Putin’in Afganistan terazisi
Rusya pek çok eleştirisine karşın ABD ve müttefiklerinin Afganistan’daki varlığını kendi ve Orta Asya ülkelerinin güvenliği açısından bir emniyet kemeri olarak görüyordu. ABD’nin Afganistan mesaisinin bitmesiyse Rusya’nın hem terör örgütlerinin Afganistan’da palazlanıp kendisi ve bölge ülkelerini hedef almasından hem de zaten büyük bir sorun haline gelen uyuşturucu trafiğinin kendisi açısından ulusal bir krize ve bölgesel bir kaosa dönmesinden endişe ediyor.
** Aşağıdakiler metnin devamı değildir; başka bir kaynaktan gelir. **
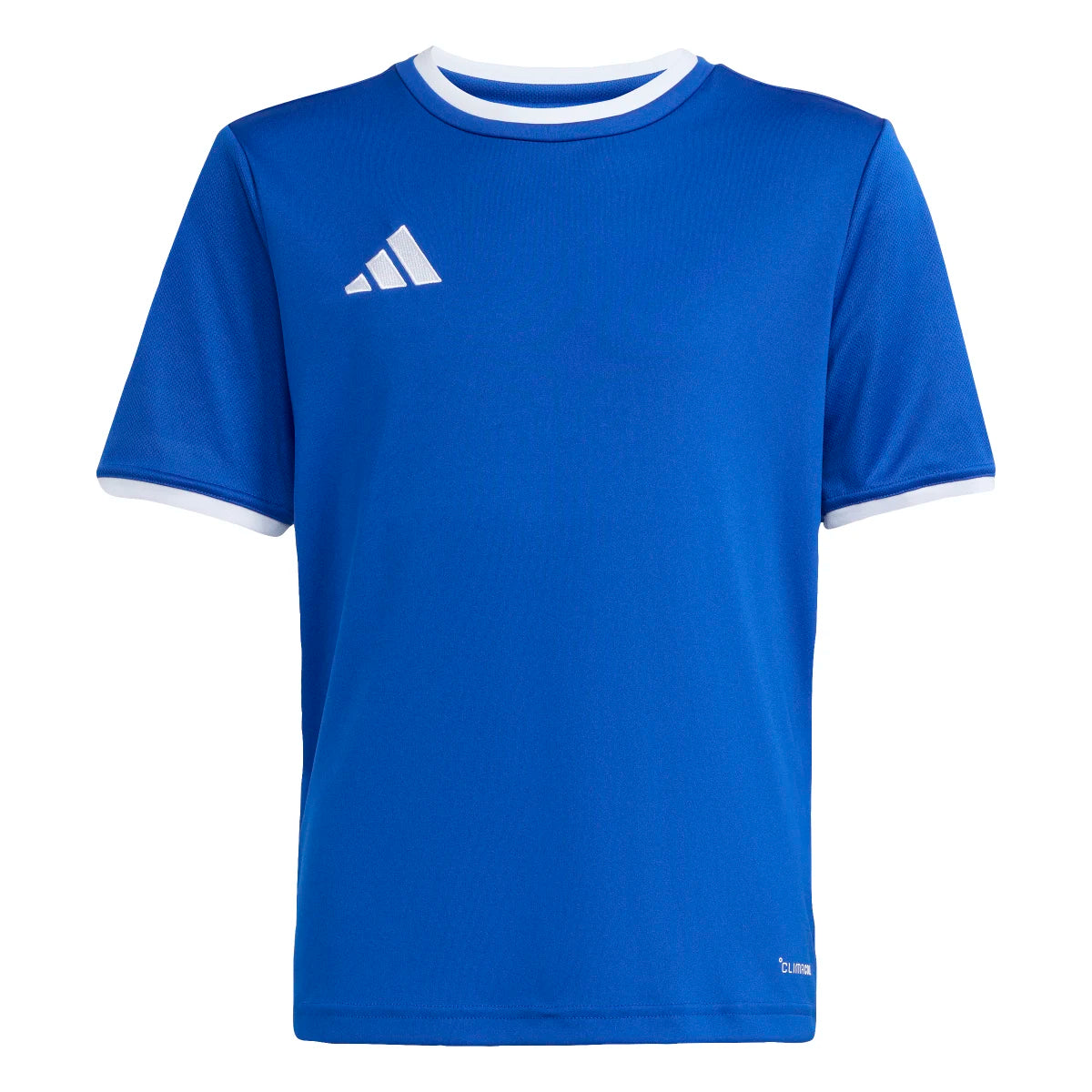 adidas Youth Entrada 26 Soccer Jersey-1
ABD Afganistan’dan çekilmeye başladı. ABD ve NATO kuvvetlerinin (Türkiye hariç) belirlenen sayının dışında ülkeyi 11 Eylül’e kadar tamamen terk etmesi bekleniyor. Türkiye bir yandan ABD ile Kabil Hamid Karzai Havalimanı’nın güvenliği için müzakere yaparken bir yandan da Taliban’a, “Din kardeşiyiz, bu ne celal” diyor.
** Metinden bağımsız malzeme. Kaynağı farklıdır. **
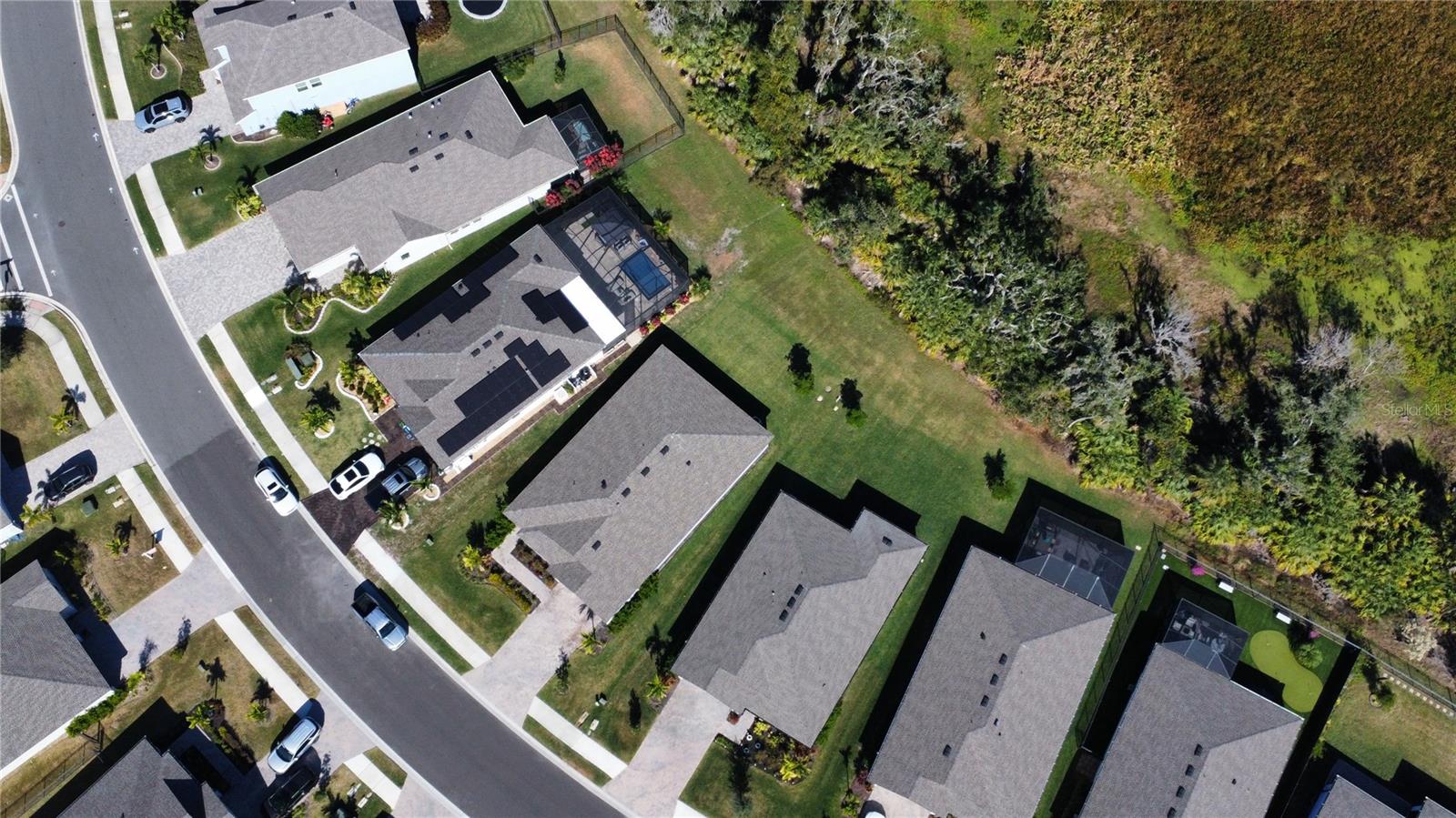 Image 35 of 42 For 5322 Senza Trail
Öte yandan bu çekilme bölge ülkelerinde tepkiye neden oluyor. Bunlardan en dikkat çekeniyse Rusya. Oysa aynı Rusya, ABD’nin Afganistan’daki varlığının bir noktadan sonra "Avrasya’yı gözetleme ve kontrol etmeye dayanan bir yanı olduğu" için eleştiriyordu. Rusya’nın tutumunda bir çelişki mi var? Taliban 9 Temmuz’da Moskova’ya ne dedi? Rusya Afganistan konusunda neden tepkili? Rusya’nın Afganistan’daki duruma bakışına ve kaygılarına bakalım.
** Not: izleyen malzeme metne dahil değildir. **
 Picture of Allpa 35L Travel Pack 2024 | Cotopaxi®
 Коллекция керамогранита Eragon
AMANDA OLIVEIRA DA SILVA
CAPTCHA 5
TALİBAN’DAN RUSYA’YA GARANTİ: İZİN VERMEYECEĞİZ
Genellikle Irak işgaliyle karıştırıldığı için Rusya’nın Afganistan’a dönük işgale de karşı çıktığı sanılıyor. Ancak Rusya, Irak'takinin tersine, 2001’de ABD Afganistan’a operasyon başlattığında bu sürece destek olmuştu. Rusya hem bölge ülkelerinin ABD’ye geçici üsler vermesinde hem istihbarat paylaşımında hem de maddi katkıyla Washington’ın El Kaide’ye dönük operasyonlarını en azından Putin’in 2004’teki ikinci dönemine kadar destekledi. Ancak ABD’nin burada kalıcı olma çabası, geçici üsleri terk etmemesi, 2007’de Şanghay İşbirliği Örgütü’nün ABD’ye “Orta Asya’dan çık!” çağrısına kadar vardı. ABD gelen baskıyla üsleri boşalttı. Kremlin'in başlangıçta bu harekatı desteklemesinin nedeni, Rusya ve Orta Asya ülkelerine akacak mülteci göçüyle beraber El Kaide ve benzeri radikal örgütlerin bölgeye sızmasıydı. Bugün de bu sorun ortadan kalmış değil, ABD’nin Afganistan’da geçirdiği 20 yıla karşın Moskova hâlâ benzer kaygılar taşıyor.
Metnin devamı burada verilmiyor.